Pesqui. Oper. v.28 n.3 Rio de Janeiro set./dez. 2008 

Double sampling control chart for a first order autoregressive process



Fernando A. E. Claro*; Antonio F. B. Costa; Marcela A. G. Machado

Production Department, São Paulo State University (UNESP), Guaratinguetá - SP - Brazil,;;




In this paper we propose the Double Sampling control chart for monitoring processes in which the observations follow a first order autoregressive model. We consider sampling intervals that are sufficiently long to meet the rational subgroup concept. The Double Sampling chart is substantially more efficient than the Shewhart chart and the Variable Sample Size chart. To study the properties of these charts we derived closed-form expressions for the average run length (ARL) taking into account the within-subgroup correlation. Numerical results show that this correlation has a significant impact on the chart properties.

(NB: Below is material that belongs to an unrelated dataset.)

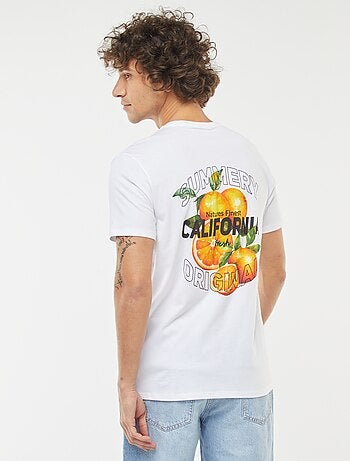 Camiseta estampada de manga corta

Keywords: autocorrelation; double sampling; statistical process control.


Neste artigo propomos o gráfico de controle de amostragem dupla para monitoramento de processos nos quais as observações seguem um modelo autoregressivo de primeira ordem. Nós consideramos intervalos de amostragem suficientemente longos em linha com o conceito de subgrupos racionais. O gráfico de controle de amostragem dupla é substancialmente mais eficiente que o Gráfico de Shewhart e do que o Gráfico com Amostra de Tamanho Variável. Para estudar as propriedades destes gráficos nós derivamos expressões de forma-fechada para o Numero Médio de Amostras até o Sinal (NMA) levando em conta a correlação dentro do subgrupo. Os resultados numéricos mostram que esta correlação tem impacto significante sobre as propriedades do gráfico.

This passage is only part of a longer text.